Oh, and if ds does wind up being PM or whatever, I'd like to know he got there on merit, not just because half the competition had been eliminated before the starting gun had even been fired.
you can't trust people who have worked their way up to power
People born to power (like, er, the Queen) and people who, like parents, have power thrust upon them are a different matter
agree that you can't trust anyone in power. Were they all total *** to be begin with or does power corrupt? Either way I can see why there is a tradition in this county of rioting.
There's only one person who could make the labour party even more unelectable than Gordy
those in power tend to what to keep power in the hands of "people like us". For as long as men are in power they are likely to want other men as leader.

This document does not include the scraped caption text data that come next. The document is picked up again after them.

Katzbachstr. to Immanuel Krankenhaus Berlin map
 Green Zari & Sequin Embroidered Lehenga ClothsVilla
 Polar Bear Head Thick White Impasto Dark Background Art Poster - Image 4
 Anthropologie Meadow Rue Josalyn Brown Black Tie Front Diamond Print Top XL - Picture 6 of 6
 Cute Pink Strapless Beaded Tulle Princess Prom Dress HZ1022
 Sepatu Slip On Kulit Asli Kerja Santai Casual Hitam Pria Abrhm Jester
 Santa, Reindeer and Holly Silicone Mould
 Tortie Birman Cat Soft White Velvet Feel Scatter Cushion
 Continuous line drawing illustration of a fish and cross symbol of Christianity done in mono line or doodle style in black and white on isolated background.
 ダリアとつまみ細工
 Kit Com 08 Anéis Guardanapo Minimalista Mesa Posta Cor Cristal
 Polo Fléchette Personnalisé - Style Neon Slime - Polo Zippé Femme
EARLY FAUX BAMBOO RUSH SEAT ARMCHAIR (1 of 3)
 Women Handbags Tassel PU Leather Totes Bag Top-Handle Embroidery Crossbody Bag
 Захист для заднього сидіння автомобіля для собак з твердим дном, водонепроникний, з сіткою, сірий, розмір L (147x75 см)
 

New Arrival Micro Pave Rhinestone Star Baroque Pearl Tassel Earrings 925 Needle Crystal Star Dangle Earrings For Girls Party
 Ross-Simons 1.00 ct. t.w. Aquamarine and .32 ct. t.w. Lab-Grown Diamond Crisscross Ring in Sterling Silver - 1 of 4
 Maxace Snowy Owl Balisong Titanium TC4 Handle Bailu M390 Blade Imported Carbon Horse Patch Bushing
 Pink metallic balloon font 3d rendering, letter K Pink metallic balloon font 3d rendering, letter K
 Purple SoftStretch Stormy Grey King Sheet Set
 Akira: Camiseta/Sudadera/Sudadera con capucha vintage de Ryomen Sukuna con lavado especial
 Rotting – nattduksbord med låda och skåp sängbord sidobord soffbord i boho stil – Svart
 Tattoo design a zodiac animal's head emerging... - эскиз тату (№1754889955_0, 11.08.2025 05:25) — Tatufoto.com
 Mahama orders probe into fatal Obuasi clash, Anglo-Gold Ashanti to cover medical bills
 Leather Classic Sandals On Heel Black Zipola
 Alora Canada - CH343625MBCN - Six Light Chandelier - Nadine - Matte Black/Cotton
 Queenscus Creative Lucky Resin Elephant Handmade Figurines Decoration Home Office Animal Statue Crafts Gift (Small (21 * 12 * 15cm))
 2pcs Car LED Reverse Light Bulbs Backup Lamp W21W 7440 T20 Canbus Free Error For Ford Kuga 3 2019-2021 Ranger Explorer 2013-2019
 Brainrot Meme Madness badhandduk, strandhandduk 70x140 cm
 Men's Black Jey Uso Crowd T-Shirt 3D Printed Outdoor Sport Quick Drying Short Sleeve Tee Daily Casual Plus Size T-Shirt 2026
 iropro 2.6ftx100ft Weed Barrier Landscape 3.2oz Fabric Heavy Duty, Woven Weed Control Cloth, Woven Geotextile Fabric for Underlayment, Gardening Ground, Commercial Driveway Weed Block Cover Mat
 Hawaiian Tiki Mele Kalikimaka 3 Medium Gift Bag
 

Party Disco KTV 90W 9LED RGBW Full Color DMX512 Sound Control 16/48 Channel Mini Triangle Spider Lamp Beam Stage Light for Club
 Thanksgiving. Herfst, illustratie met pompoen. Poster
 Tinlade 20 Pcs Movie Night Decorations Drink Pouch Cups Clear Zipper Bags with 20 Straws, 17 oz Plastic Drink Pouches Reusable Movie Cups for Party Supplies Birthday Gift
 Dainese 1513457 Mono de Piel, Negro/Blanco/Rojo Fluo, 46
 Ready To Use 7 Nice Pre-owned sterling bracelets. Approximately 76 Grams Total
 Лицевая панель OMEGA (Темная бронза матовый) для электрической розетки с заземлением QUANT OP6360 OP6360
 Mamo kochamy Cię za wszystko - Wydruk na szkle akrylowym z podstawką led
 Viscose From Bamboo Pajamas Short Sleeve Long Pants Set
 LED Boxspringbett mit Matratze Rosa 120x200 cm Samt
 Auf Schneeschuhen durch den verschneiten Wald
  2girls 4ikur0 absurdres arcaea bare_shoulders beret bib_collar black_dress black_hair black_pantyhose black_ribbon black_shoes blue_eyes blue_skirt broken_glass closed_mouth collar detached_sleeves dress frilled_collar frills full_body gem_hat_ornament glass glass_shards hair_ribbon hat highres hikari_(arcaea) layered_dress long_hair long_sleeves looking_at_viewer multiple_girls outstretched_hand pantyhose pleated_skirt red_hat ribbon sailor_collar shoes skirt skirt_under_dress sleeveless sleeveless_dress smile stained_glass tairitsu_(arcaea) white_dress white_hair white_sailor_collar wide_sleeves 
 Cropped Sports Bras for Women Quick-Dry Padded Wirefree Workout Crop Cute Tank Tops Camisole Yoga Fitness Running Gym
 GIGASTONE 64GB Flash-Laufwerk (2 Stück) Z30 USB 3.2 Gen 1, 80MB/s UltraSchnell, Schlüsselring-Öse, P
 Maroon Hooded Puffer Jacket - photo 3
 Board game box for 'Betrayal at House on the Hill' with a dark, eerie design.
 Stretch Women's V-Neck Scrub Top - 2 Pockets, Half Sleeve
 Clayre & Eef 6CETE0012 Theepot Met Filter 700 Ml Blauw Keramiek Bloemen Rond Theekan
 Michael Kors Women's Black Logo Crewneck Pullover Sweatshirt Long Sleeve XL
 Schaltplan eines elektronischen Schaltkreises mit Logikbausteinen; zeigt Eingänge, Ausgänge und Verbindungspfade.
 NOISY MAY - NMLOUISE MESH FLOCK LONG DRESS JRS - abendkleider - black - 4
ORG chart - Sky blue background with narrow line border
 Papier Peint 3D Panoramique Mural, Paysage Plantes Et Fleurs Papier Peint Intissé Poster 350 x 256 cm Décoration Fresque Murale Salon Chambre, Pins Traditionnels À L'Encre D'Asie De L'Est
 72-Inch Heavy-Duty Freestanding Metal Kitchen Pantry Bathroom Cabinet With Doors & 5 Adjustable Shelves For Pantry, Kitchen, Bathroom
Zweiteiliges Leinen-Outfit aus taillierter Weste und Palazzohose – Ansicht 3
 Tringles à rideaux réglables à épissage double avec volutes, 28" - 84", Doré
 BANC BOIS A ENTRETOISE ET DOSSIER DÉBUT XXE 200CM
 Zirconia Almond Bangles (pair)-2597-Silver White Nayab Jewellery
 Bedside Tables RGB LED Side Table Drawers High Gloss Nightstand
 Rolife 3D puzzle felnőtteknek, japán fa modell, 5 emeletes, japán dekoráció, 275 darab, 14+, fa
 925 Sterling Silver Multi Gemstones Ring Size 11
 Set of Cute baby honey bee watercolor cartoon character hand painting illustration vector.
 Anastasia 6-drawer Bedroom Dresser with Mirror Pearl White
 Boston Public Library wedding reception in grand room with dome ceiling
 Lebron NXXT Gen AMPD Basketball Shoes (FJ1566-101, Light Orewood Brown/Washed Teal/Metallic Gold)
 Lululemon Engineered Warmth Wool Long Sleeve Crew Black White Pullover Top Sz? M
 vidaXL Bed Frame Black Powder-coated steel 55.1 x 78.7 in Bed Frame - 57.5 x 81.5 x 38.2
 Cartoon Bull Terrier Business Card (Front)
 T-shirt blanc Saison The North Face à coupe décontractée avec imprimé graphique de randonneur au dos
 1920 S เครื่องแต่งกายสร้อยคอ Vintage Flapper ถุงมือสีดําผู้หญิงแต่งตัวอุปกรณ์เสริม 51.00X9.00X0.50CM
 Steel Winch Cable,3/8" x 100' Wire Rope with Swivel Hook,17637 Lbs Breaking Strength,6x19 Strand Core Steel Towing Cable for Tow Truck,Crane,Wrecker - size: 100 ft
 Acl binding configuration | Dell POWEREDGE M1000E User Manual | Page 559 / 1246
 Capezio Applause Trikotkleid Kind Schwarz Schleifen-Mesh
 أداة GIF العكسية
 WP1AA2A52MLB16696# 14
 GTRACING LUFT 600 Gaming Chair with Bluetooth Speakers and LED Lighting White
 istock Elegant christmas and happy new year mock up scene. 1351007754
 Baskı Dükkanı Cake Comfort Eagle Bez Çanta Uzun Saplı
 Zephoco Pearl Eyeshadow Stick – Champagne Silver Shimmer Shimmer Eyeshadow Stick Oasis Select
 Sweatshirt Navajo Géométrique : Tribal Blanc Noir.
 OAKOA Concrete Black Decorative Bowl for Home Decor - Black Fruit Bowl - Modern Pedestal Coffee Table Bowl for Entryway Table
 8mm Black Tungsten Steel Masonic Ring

I once worked for someone who surrounded himself with female staff. He said that they had to work twice as hard to get to the same position, therefore he would get better staff. The women who get to cabinet level are probably better equipped to run the country then men.
I know this is an old thread but an interesting blog post was made a few days ago by political blogger Guido Fawkes on Harriet Harman campaign team canvassing opinion on her replacing Gordon. I suspect we wil hear more of this over the coming weeks.
On the issue of trusting men in power I would say that in The City, which is the world I know best, that the male dominated environments create imbalanced decision making prcesses in much the same way as an all female dominated environment. Certainly think a true 50:50 balance of women in a decision making process make for better decision on average. I do not think men in power are any more intrinsically untrustworthy than women in power - it is just a large group of men together should be monitored carefully and controlled to stop them making dangerous decisisions such as creating a near global financial collapse by pursuing risky levels of borrowing and risk taking.